Cmnt: [PATCH 05/11] x86/syscall: Don't force use of indirect calls for system calls
Yuxuan Luo
yuxuan.luo at canonical.com
Fri Apr 19 20:28:50 UTC 2024
On 4/17/24 19:53, Yuxuan Luo wrote:
> From: Linus Torvalds <torvalds at linux-foundation.org>
>
> Make <asm/syscall.h> build a switch statement instead, and the compiler can
> either decide to generate an indirect jump, or - more likely these days due
> to mitigations - just a series of conditional branches.
>
> Yes, the conditional branches also have branch prediction, but the branch
> prediction is much more controlled, in that it just causes speculatively
> running the wrong system call (harmless), rather than speculatively running
> possibly wrong random less controlled code gadgets.
>
> This doesn't mitigate other indirect calls, but the system call indirection
> is the first and most easily triggered case.
>
> Signed-off-by: Linus Torvalds <torvalds at linux-foundation.org>
> Signed-off-by: Daniel Sneddon <daniel.sneddon at linux.intel.com>
> Signed-off-by: Thomas Gleixner <tglx at linutronix.de>
> Reviewed-by: Josh Poimboeuf <jpoimboe at kernel.org>
>
> (backported from commit 1e3ad78334a69b36e107232e337f9d693dcc9df2)
> [yuxuan.luo:
> common.c:
> - substitute *sys_call_table[nr]() with corresponding *sys_call(regs,
> nr).
> - For do_syscall_irqs_on()/ia32_sys_call(), substitute both and we’ll
> define different ia32_sys_call() in syscall_32.c using macros.
>
> syscall_x32.c:
> - x32_sys_call() should move to syscall_64.c since they both rely on
> __x64_ system calls.
>
> syscall_32.c:
> - Focal tree is using __SYSCALL_I386 rather than __SYSCALL, substitute
> __SYSCALL with __SYSCALL_I386 in #define lines.

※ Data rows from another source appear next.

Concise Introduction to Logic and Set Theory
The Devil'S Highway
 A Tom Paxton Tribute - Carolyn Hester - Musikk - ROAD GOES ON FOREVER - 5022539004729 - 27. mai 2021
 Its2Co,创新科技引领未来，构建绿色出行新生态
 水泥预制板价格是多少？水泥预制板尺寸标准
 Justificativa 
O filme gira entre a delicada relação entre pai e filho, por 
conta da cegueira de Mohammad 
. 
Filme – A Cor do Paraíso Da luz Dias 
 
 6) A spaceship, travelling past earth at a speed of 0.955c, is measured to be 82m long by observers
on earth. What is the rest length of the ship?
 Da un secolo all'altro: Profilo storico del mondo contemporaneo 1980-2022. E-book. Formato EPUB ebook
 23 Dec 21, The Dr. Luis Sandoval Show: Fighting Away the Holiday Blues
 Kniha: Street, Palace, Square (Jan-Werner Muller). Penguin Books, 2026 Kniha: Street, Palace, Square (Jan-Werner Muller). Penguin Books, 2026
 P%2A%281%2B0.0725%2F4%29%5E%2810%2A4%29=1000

> - For the case where CONFIG_IA32_EMULATION=n, expand regs to six
> variables.
> - Since syscall table in Focal includes arch name in syscalls prefixes
> already, change 'case nr: return __x64_##sym()' to '... return
> sym()'. This applies to syscall_64.c as well.
>
> syscall_64.c:
> - For x64_sys_call(), substitute __SYSCALL with __SYSCALL_64.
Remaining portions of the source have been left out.